It was hard to tell what caused the most heat… the blazing sun, the shimmering sand, the diesel engine a few centimetres from my feet or the gearbox next to me. But the combination certainly had the sweat streaming down my face. My water bottle had been emptied hours before, and for the past hour or so, I had been straining my eyes searching for the signboard that would end my suffering.
Had the place closed down? Had I taken the wrong turn-off? Or was I delirious because of the heat and thirst? Maybe I passed the place without noticing. Then, suddenly, the sign was there, right in front of me. My victorious yell sounded more like a croak in my dry throat. ‘Namib Inn’, proclaimed the sign.
I stopped behind a Ford 4×4 with a canopy and crossed the few metres to the entrance of the bar. This is an isolated part of the world, so I was surprised to see seven men lined up along the counter. “Howdy!” I said, taking the nearest stool. The customers responded with a “Hi” and a wave. The barman asked what it would be and I ordered two ice-cold beers, dropping a handful of coins on the counter.
Suddenly, a blowfly appeared from somewhere and circled my head. I tried to swat it, but missed. It made a wide circle, banked and came in with determination as if attacking me. Again, I tried to hit it, but missed. “That damn thing has been pestering us for the past half an hour,” said the barman. “If you see it sitting somewhere, use this to kill it,” he added, pointing to a can of insect aerosol.
I tried to smile. But it was too painful with cracked lips – so I just nodded. “What direction have you come from?” asked one of the customers. I pointed north. “Hot?” he asked. “Very,” I replied. I poured my first beer and emptied the glass.

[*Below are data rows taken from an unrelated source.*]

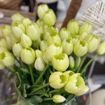 Immagine di BOUQUET ARTIFICIALE DI 5 TULIPANI BIANCO – H 40 CM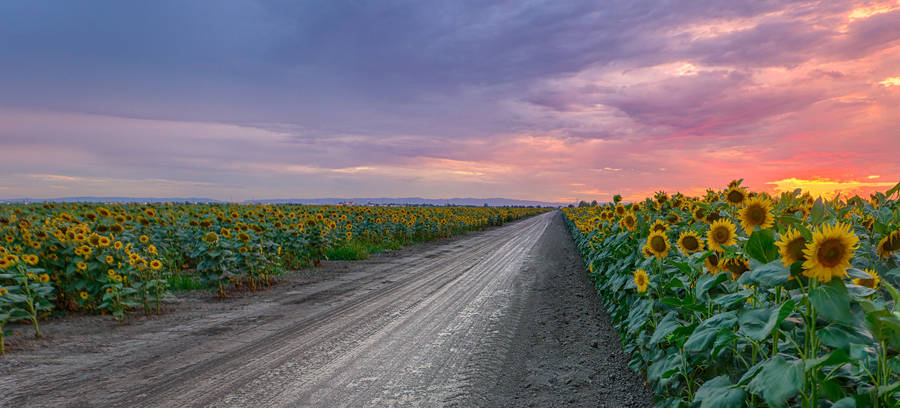 Sunflower Field Roadside Wallpaper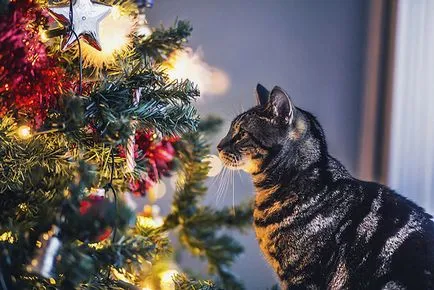 10 Feline történet hihetetlenül megható fotó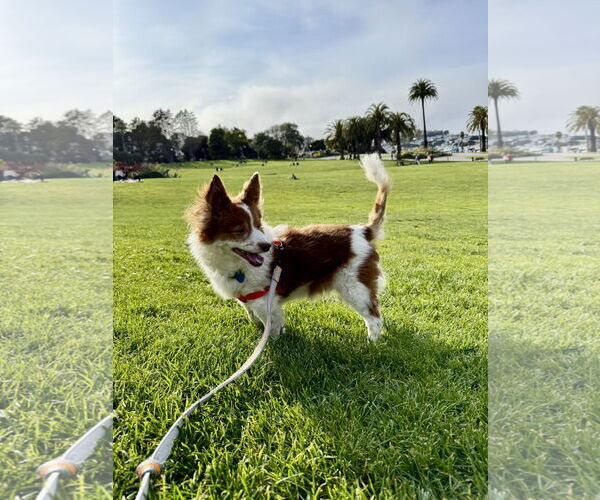 Medium Photo #13 Chi-Corgi Puppy For Sale in San Francisco, CA, USA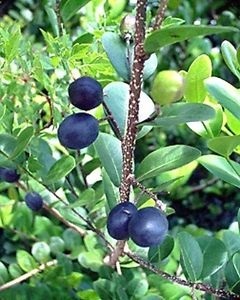 โคโค่พลัม coco plum tree
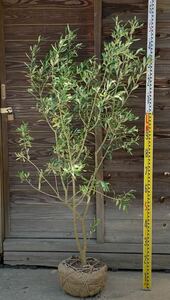 ① 現品発送　オリーブ　シプレッシーノ　常緑樹　鉢植えにも　オリーブ２本の同梱OK 各送料記載してます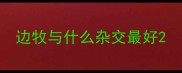 边牧与什么杂交最好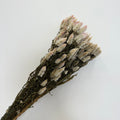 Dried Feather Celosia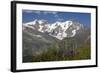 Arnica Montana And Mont Blanc-Bob Gibbons-Framed Premium Photographic Print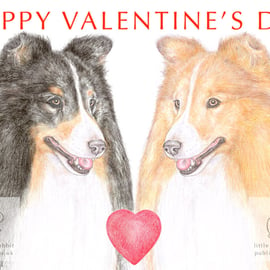 Shetland Sheepdog - Valentine Card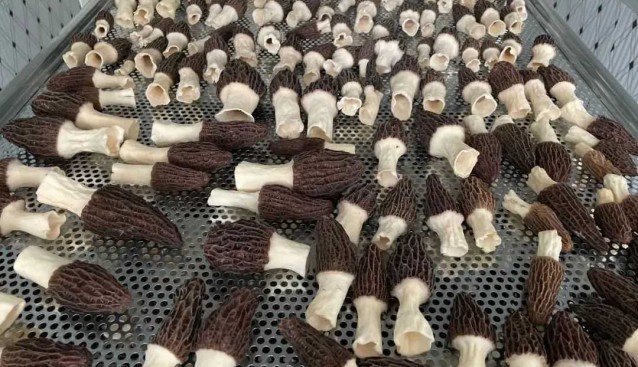 甘肅永登：美樂幸福農(nóng)場8個羊肚菌大棚進(jìn)入采收期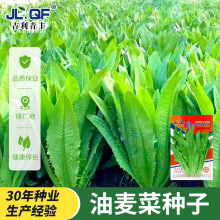甜脆油麦菜种清香油麦菜籽四季播种盆栽庭院菜园蔬菜籽高产种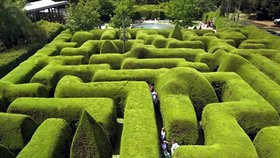 Ashcombe Maze (Austrálie)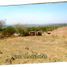  Land for sale in Zapotlanejo, Jalisco, Zapotlanejo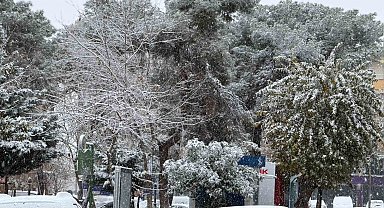 Siverek'te kar yağışı hayatı olumsuz etkiledi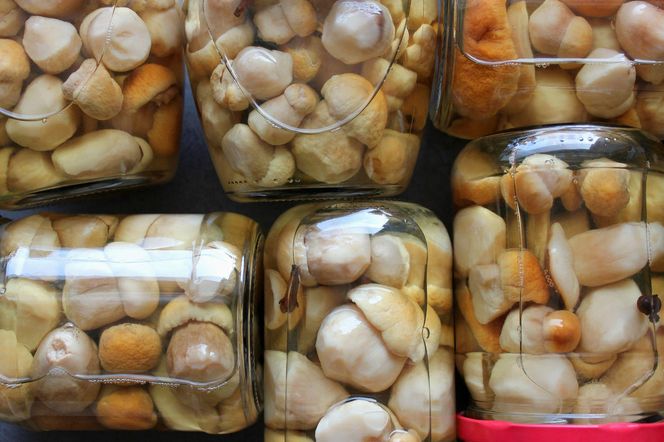 Grzyby marynowane w słodko-kwaśnej zalewie – przepis na idealną, delikatną marynatę octową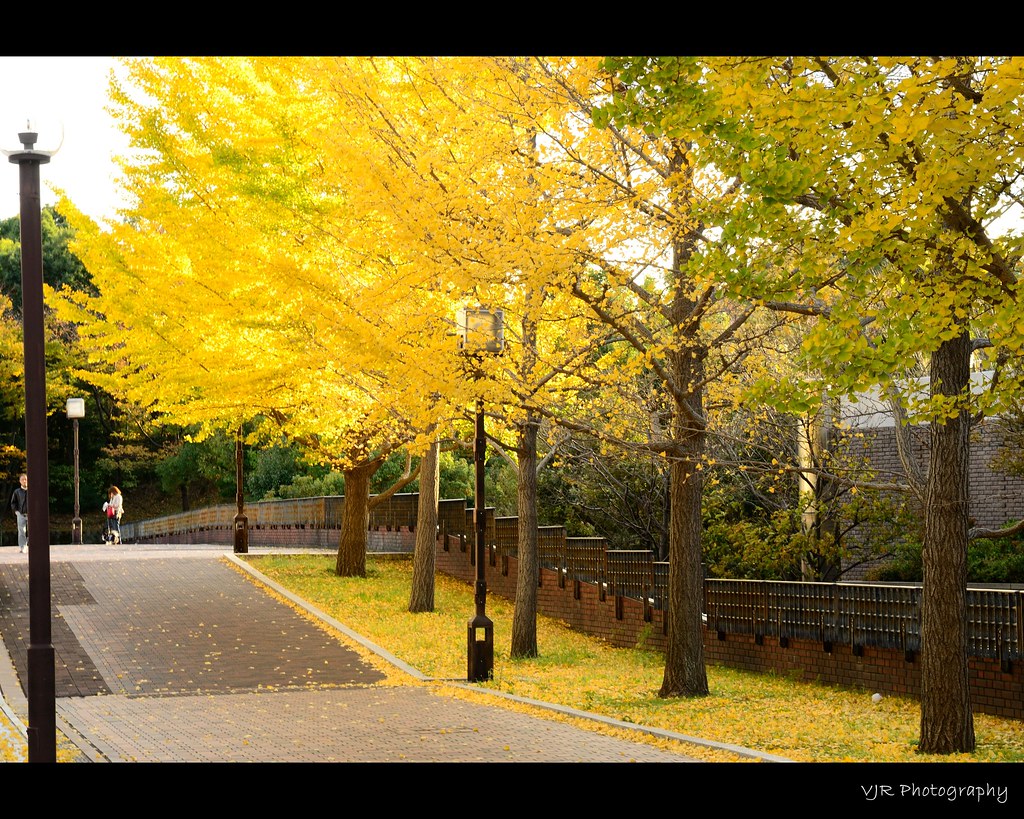Autumn Colors,Tokyo,Japan | Copyright©All Rights Reserved Al… | Flickr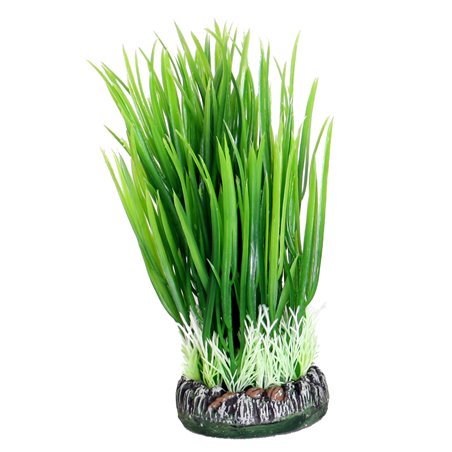 Aq plant plastic sri lanka plant1 s 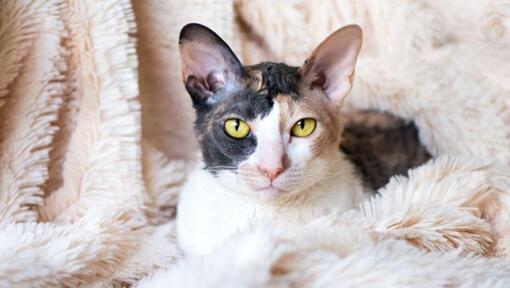 Cornish Rex mačka leži na odeji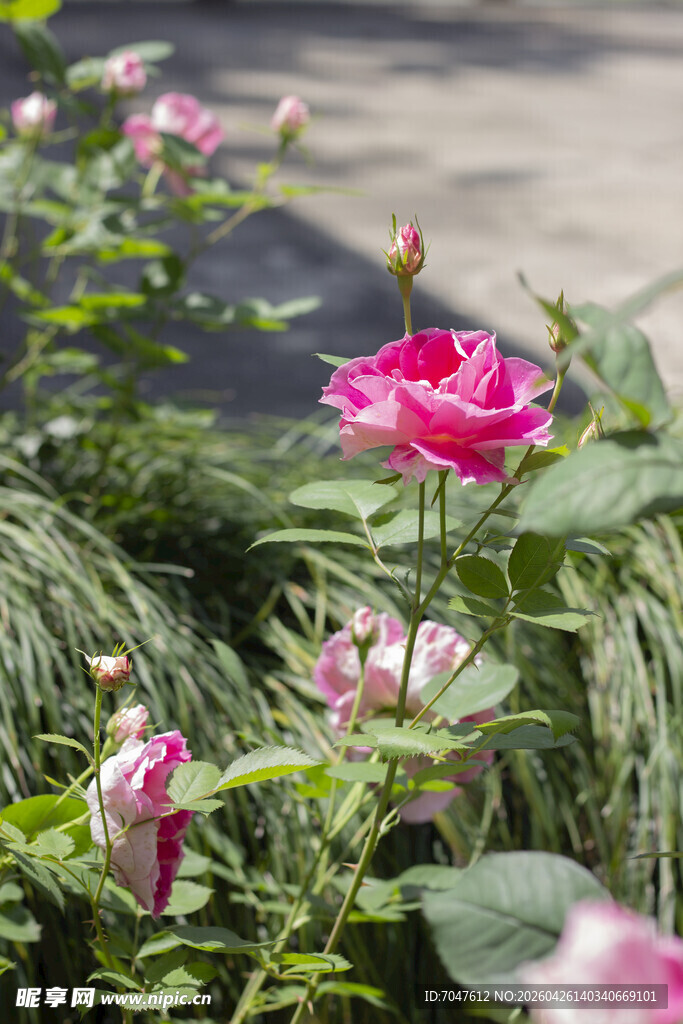 娇艳绽放的粉色月季花
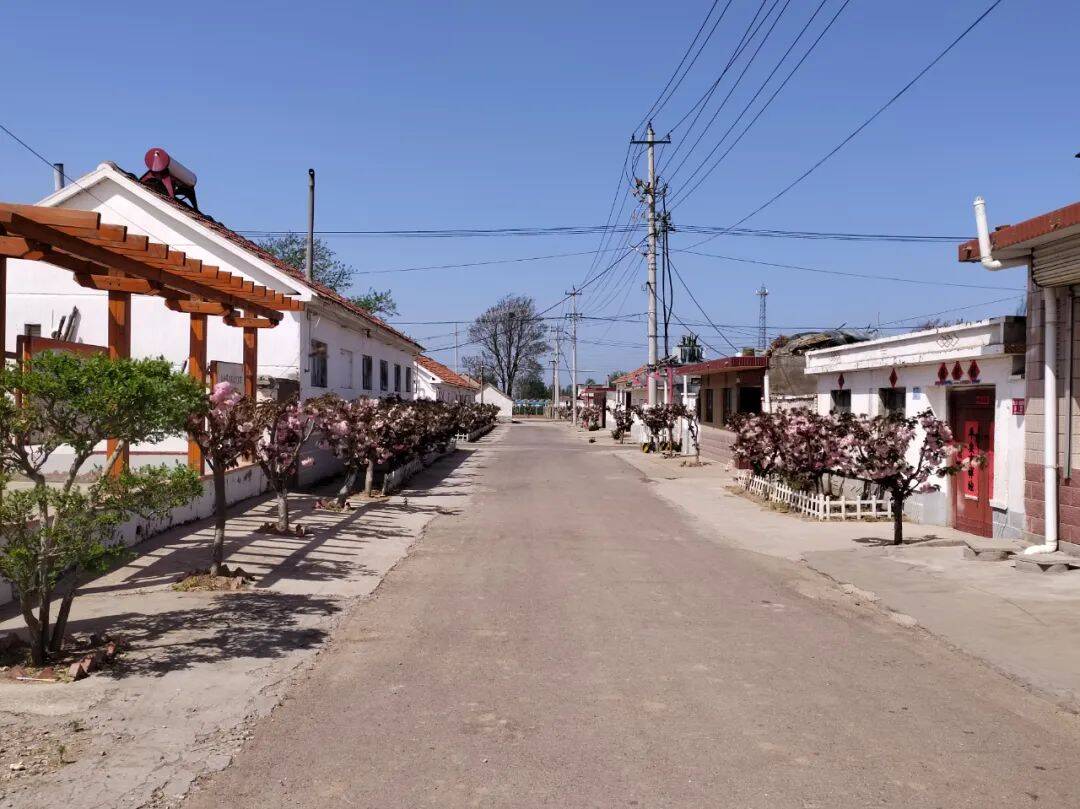 高密数数村内大变化感受寻常小幸福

The customer sitting next to me said, “I was just telling them about an incident I had with a hyena last night.” He shifted his wide-brimmed hat further back on his head, exposing a wide red forehead. “I was sleeping in the back of my truck when I heard a noise at the front. I looked through the side window of the cabin and saw a huge hyena trying to force its head through the passenger side window, which was open a few inches.
I shouted and banged against the side of the canopy, but it took no notice. “There was a packet with biltong on the seat and I suppose the hyena was trying to get it.” At this point in his story, he picked up something I hadn’t noticed before, a can of pepper spray in front of him on the counter.
"Then I remembered this stuff that was forced on me by a gunshop, so I decided to see if it was worth anything. I opened the sliding window between the canopy and the cab, took aim and pressed the button. Boy, you should have seen that hyena take off!” He burst out laughing, read the name of the spray out loud, and replaced the can on the counter. “This stuff works for about half an hour, so I’m sure that hyena didn’t think about biltong for a while!” he said.
I chuckled and relaxed with my second beer, sipping it slowly and savouring it. Then, as I looked up, there it was again, that damn blowfly, sitting on the brim of Hyena Slayer’s hat. This was a hunting situation, so I didn’t take my eyes off my prey as I cautiously reached across the counter for the insect aerosol.
I touched the can and took hold of it. Hyena Slayer was looking the other way. Good! I didn’t want the insecticide to get into his eyes. I carefully aimed the can in the right direction, and gently but firmly pressed the button. At that precise moment, Hyena Slayer turned his head. His eyes bulged. His red face turned purple. His mouth opened and he shouted, ”No!”
It was too late. The spray enveloped his face. He seemed to lose his balance, the stool toppled slowly backwards and he fell heavily onto his back. The blowfly took off and flew along the bar, right across the heads of the other guys. I tell you…if that fly was a bomber, it could have dropped a bomb on every customer’s head. So I played anti-aircraft and sort of carried that blowfly on the insecticide along the bar.
Suddenly everybody was shouting at once. “What the hell are you doing?” “Are you bloody crazy?!” Realising something was very wrong, I looked down, and, to my horror, saw that the can in my hand was not the familiar yellow and green insecticide aerosol, but a red and black container – the pepper spray!
There was only one course of action. I placed the can on the counter, walked briskly out of the bar, not touching my second beer, climbed into the Landy and floored the accelerator. So, what did I learn from my little ‘hunting experience’? Firstly, make sure that the weapon you’re about to use is appropriate before you press the trigger.
Secondly, although I can’t tell you what effect pepper spray has on a blowfly, its effect on humans is instantaneous, clearly visible and highly audible. Hyena Slayer had claimed the results would last about 30 minutes. By that time, I was 70km south of the Namib Inn, and going fast.